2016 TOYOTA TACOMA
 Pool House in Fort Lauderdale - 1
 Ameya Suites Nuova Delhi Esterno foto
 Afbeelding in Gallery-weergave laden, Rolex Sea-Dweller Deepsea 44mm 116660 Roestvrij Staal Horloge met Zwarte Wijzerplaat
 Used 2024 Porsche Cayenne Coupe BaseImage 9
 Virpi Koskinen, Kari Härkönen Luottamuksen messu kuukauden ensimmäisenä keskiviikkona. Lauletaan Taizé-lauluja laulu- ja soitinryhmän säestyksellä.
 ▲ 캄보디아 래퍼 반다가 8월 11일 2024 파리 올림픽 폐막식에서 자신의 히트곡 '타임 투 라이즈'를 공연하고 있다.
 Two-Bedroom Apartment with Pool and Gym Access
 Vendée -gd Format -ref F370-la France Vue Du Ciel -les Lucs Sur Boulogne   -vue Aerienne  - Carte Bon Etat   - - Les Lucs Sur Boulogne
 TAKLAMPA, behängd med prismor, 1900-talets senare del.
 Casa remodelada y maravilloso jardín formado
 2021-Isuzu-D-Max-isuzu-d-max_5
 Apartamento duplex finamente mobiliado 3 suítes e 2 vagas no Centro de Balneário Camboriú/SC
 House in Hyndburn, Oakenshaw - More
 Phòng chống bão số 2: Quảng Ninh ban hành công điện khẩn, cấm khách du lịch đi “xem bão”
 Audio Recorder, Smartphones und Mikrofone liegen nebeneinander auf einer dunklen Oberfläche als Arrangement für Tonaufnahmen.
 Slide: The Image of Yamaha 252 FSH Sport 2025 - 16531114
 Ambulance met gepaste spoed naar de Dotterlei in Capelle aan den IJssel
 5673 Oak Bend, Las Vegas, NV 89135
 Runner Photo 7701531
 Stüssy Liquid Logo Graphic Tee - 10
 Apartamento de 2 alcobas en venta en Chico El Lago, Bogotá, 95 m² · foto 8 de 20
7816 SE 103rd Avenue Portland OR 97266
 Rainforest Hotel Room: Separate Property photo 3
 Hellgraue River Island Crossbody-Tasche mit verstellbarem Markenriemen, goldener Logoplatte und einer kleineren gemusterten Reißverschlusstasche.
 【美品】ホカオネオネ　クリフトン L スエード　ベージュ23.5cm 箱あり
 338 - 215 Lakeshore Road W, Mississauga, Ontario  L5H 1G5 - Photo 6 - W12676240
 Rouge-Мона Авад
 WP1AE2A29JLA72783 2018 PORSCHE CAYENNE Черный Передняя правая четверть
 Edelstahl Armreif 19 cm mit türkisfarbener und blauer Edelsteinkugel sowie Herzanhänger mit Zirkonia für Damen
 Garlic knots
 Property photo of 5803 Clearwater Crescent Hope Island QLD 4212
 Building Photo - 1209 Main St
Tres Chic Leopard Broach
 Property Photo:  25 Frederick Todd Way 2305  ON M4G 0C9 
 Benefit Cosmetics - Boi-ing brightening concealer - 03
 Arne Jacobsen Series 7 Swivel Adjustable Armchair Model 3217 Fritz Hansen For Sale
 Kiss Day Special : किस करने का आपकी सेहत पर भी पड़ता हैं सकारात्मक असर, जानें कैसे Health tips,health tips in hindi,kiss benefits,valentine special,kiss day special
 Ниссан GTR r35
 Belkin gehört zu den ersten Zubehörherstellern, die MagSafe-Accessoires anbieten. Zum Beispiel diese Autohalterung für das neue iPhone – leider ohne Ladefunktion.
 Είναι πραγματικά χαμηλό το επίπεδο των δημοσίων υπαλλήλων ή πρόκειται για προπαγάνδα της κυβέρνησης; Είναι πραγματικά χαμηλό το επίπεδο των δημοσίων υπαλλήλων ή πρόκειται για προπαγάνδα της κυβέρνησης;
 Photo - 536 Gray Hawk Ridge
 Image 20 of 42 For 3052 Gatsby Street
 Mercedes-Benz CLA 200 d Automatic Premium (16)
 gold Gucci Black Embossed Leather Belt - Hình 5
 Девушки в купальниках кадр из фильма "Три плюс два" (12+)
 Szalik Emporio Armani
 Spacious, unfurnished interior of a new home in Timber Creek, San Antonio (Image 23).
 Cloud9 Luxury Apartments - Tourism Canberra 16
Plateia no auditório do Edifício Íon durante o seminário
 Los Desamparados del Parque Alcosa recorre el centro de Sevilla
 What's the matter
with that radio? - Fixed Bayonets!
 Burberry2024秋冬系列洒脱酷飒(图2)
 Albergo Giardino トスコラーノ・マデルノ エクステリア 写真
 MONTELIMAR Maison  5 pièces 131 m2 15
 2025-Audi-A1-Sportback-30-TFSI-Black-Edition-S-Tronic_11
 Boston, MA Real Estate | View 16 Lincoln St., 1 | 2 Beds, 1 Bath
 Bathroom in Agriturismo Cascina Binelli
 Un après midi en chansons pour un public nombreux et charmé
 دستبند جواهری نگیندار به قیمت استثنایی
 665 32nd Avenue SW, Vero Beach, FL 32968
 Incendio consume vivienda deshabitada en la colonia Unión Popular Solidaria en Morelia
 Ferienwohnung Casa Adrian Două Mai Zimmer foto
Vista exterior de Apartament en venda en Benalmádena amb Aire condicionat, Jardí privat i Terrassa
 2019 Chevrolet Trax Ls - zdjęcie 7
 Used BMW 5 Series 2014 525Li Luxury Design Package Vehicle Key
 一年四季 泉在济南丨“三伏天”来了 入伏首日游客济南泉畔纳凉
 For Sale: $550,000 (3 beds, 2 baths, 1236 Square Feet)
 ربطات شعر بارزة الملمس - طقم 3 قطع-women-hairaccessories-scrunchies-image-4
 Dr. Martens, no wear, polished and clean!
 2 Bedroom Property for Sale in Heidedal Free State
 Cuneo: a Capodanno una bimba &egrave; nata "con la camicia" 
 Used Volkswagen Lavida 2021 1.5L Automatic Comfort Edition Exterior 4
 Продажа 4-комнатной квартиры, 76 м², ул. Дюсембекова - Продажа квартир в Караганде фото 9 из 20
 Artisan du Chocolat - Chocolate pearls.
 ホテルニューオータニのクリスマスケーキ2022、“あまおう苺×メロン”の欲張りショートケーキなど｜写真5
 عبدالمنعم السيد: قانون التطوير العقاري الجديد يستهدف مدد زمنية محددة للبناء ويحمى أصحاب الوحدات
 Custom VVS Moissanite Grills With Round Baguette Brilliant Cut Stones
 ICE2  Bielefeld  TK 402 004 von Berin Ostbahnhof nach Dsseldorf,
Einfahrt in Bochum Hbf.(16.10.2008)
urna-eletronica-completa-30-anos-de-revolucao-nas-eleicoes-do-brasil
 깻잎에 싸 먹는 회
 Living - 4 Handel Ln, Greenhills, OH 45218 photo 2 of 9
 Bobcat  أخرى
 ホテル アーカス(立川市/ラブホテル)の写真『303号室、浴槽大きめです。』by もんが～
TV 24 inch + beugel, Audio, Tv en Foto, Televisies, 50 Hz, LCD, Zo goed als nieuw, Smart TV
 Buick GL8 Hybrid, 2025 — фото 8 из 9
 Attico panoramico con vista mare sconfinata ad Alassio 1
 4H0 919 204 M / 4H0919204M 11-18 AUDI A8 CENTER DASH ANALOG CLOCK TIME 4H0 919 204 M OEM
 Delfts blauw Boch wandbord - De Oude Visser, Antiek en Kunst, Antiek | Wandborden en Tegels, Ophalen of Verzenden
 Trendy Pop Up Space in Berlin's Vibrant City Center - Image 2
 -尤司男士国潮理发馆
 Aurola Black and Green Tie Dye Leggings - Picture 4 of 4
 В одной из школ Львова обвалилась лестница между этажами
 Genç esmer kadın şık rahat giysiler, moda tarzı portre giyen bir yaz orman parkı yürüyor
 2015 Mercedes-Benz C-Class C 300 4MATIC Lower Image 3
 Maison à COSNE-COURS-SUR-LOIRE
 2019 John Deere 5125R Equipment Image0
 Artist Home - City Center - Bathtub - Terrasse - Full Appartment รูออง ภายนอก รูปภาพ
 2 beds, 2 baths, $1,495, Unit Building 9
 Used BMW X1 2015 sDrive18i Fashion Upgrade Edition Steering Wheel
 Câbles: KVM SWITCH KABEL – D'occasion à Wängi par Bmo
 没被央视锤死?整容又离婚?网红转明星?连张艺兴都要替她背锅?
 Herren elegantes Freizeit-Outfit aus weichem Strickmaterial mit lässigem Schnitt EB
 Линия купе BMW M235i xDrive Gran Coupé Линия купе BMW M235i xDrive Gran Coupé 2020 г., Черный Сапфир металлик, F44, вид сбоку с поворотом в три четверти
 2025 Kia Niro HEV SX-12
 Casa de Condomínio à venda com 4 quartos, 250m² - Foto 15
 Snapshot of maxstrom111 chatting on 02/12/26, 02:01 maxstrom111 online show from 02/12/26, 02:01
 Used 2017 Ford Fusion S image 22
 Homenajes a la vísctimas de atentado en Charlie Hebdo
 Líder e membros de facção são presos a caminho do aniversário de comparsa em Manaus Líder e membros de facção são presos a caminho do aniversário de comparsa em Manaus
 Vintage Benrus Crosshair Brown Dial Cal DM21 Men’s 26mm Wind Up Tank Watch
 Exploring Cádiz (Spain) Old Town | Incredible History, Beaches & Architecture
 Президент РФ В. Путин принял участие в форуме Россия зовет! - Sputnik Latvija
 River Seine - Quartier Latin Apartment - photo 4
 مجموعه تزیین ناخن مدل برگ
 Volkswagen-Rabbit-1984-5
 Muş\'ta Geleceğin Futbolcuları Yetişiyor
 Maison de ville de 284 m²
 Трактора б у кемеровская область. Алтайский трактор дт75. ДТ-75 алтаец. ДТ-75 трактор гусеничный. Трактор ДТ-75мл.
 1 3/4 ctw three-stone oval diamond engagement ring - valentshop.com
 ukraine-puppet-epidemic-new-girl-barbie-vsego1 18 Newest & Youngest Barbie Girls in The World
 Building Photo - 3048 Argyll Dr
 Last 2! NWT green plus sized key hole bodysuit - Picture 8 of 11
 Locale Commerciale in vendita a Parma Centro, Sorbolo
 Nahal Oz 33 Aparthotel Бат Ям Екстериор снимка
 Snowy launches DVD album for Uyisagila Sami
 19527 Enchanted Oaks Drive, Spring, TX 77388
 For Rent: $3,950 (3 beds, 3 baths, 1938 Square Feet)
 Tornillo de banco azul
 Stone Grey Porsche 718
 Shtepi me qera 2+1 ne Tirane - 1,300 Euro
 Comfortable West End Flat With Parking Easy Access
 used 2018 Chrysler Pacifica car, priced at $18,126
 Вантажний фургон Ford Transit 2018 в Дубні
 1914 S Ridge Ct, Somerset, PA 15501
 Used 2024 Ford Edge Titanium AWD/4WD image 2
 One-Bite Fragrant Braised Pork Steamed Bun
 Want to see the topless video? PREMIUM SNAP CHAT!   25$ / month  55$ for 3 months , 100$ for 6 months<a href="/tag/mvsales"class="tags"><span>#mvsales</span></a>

== == ==

Task item => Write out exactly the lines between the start of the entries and the line containing "Two-Bedroom Apartment with", including that line and the first one.

Your response =>
2016 TOYOTA TACOMA
 Pool House in Fort Lauderdale - 1
 Ameya Suites Nuova Delhi Esterno foto
 Afbeelding in Gallery-weergave laden, Rolex Sea-Dweller Deepsea 44mm 116660 Roestvrij Staal Horloge met Zwarte Wijzerplaat
 Used 2024 Porsche Cayenne Coupe BaseImage 9
 Virpi Koskinen, Kari Härkönen Luottamuksen messu kuukauden ensimmäisenä keskiviikkona. Lauletaan Taizé-lauluja laulu- ja soitinryhmän säestyksellä.
 ▲ 캄보디아 래퍼 반다가 8월 11일 2024 파리 올림픽 폐막식에서 자신의 히트곡 '타임 투 라이즈'를 공연하고 있다.
 Two-Bedroom Apartment with Pool and Gym Access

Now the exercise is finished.